The first rule is FLY THE AIRPLANE, anything else is secondary.
So right. Natural instinct of a pilot "Don't crash". We had a pilot nearly die trying to save a plane in a barrel roll (no chance). Thankfully his back seater initiated ejection. (F4, Philippines, lots of videos around of the crash)
I get the feeling there was an explosion (or something traumatic) in the avionics bay that affected/damaged the relays or contactors involved in those right windshield systems.
We don't know yet, but highly unlikely. It was just one of the cascading events that unfolded within minutes.
Is the history in the course of a day, a week? I assumed that it was in the course of a week, but do I understand correctly that smoke in the lavatory could have first happened during an earlier flight that day?
If that's the case, this is all on the airline carrier.
Ah, I see that it's showing another occurrence at some point earlier, so who knows. It doesn't tell us exactly when that occurrence was.
Sorry - that last image was a bit small. Yes, I'm looking at the first instance and the dates from May 18-19. If the first instance of smoke in the lavatory was on May 18, and it wasn't properly repaired, then this is on the airline.
First, the aircraft was bound for Egypt - turning around and flying the length of the Mediterranean was probably beyond its fuel load.
Second, you somehow imagine that an airliner is going to fly through the Straits of Gibraltar and not be noticed on radar?

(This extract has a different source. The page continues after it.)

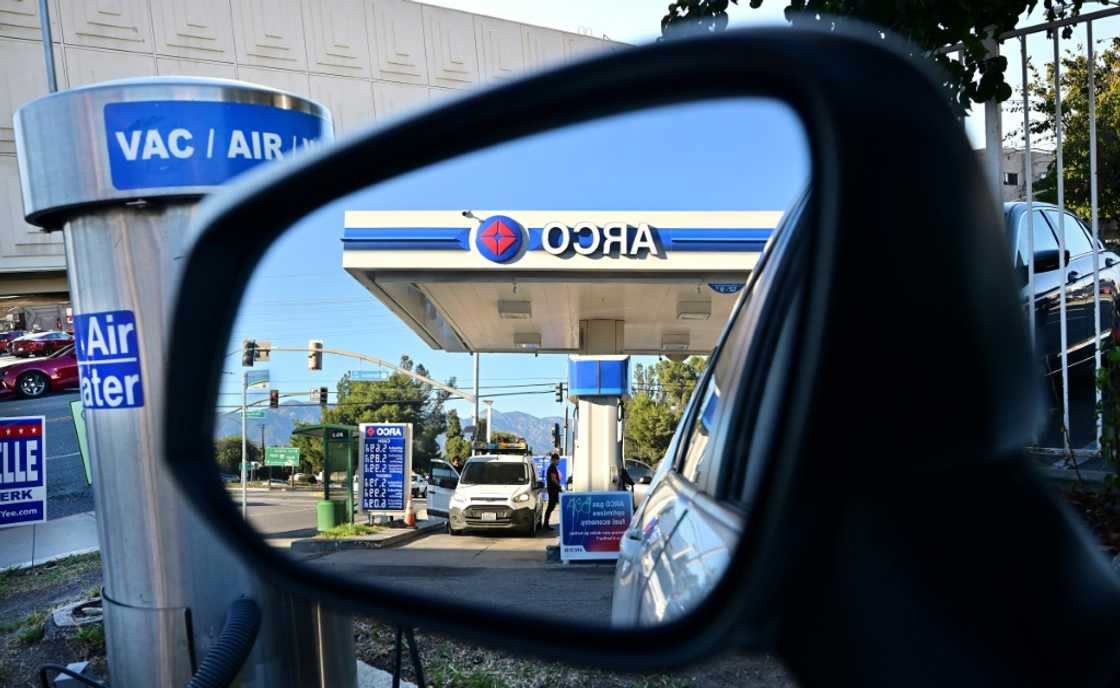 US wholesale gasoline prices continued to rise, but produer prices gains eased, which President Joe Biden said is good news for the economy US wholesale gasoline prices continued to rise, but produer prices gains eased, which President Joe Biden said is good news for the economy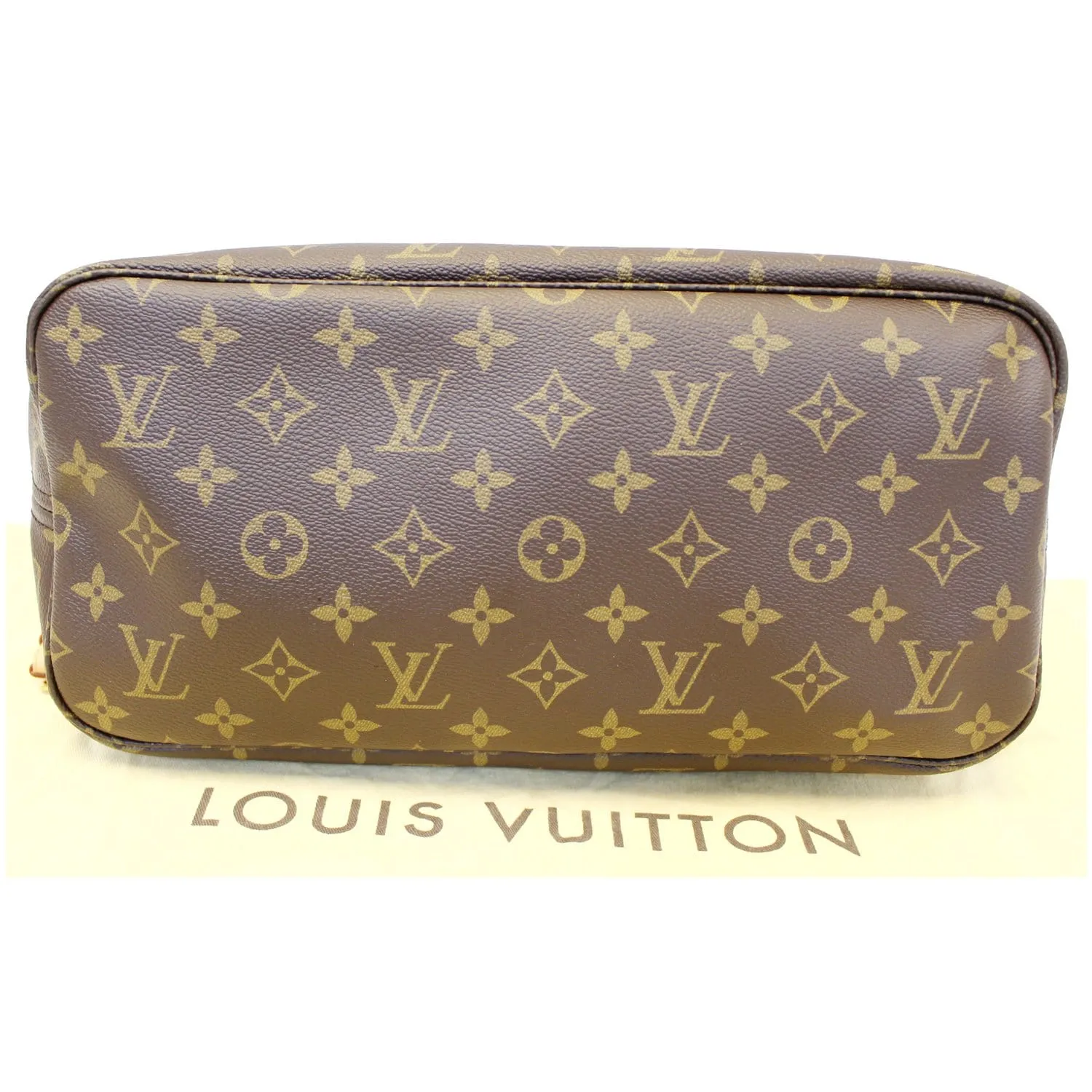 LOUIS VUITTON Neverfull MM Monogram Canvas Tote Bag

Third, what would be the point? Instead of just a bomb or someone on a suicide mission, it would have to be a takeover that included someone who could fly the aircraft. Sure, 09/11 proved that's possible, but since it's also exponentially more complex that just a mission to destroy an aircraft, there needs to be some payoff. And that payoff would be... um, what, precisely? And the idea that this would somehow be cunning makes even less than zero sense.
Considering what happened to the 9/11 planes and MH370, why would that scenario make "zero sense"?
Anyway, it's just speculation. No need to get overly defensive and complacent.
I'm ready to run with mechanical failure that first started under the lavatory near the cockpit earlier in the flight, or earlier in the 24 hour flight history. It looks like there is a point in the Occurrance History indicating that it could have been looked at during a stop-over maintenance check. It looks to me like there was an issue with computer wires that resulted in a full malfunction while transitioning between two airspace traffic controller towers.
It really depends on what the data on the chart means. The dates are May18-19 and there are 15 markers in the row. The lavatory smoke row is checked at marker 7 in the row, and then again on marker 15 in the row. is that hour 7 and hour 15 of scheduled maintenance?
How many hours was the flight? I'm guessing that it is fewer than 8 hours, and that the first alert to smoke in the lavatory was during an earlier flight. Was that problem checked at the last stop over?
What is the scheduled maintenance in terms of hours?
Any possibility that one pilot was trying to commit suicide and the other was trying to prevent the plane going down and this caused some the strange movements of the plane before going down into the sea?!